What is needed
Return exactly the run of lines that begins at the line containing "Graffiti Τσάντα Δημοτικού" and ends at the last line of the material below; pictures stay out.

(Dataset Opens)

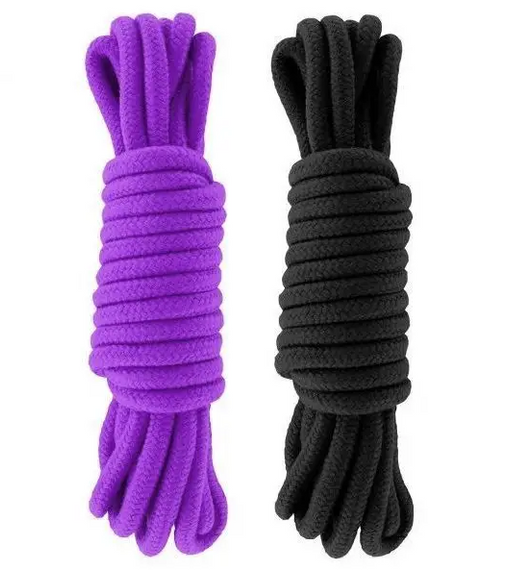 Набір мотузок для бондажу Submission 5 м Black&Purple sexstyle
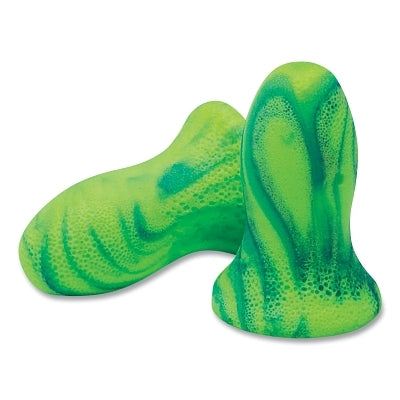 Meteors Disposable Earplugs, Foam, Green, Uncorded, Small
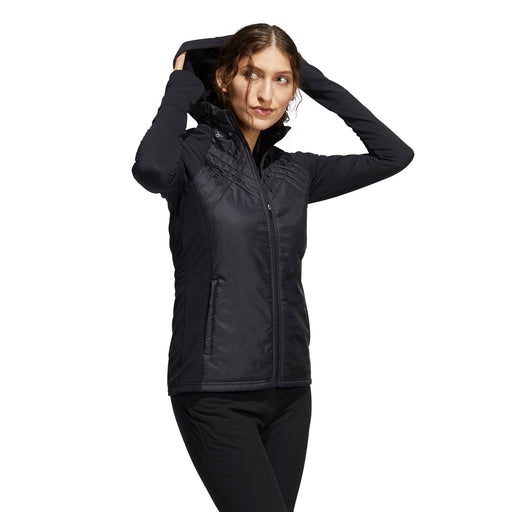 Adidas Hybrid Quilted Black Womens Golf Jacket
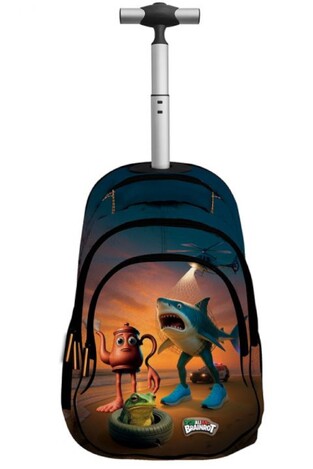 Graffiti Τσάντα Δημοτικού Trolley Brainrot Team - 263252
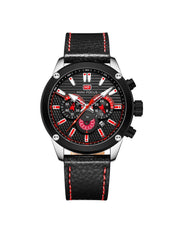 MINI FOCUS - MF0288 - Quartz - Bracelet en 100% Cuir - Résistante à l'eau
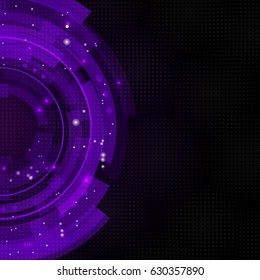 Abstract technology circle background. Vector illustration.
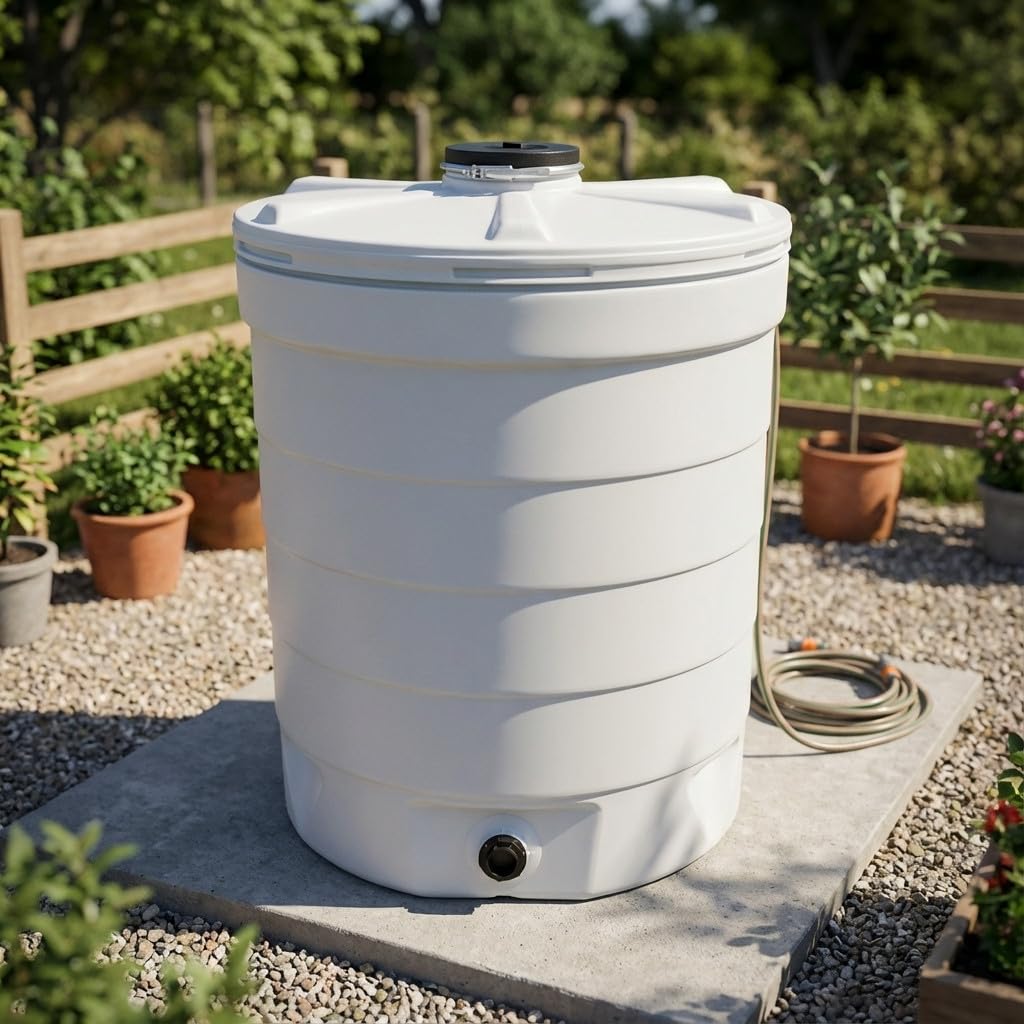 Deposito de Agua Polietileno 1000 Litros - Tanque de Agua Alimentario para Agua Potable 109x140 cm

(Dataset Closes)

Response
 Graffiti Τσάντα Δημοτικού Trolley Brainrot Team - 263252
 MINI FOCUS - MF0288 - Quartz - Bracelet en 100% Cuir - Résistante à l'eau
 Abstract technology circle background. Vector illustration.
 Deposito de Agua Polietileno 1000 Litros - Tanque de Agua Alimentario para Agua Potable 109x140 cm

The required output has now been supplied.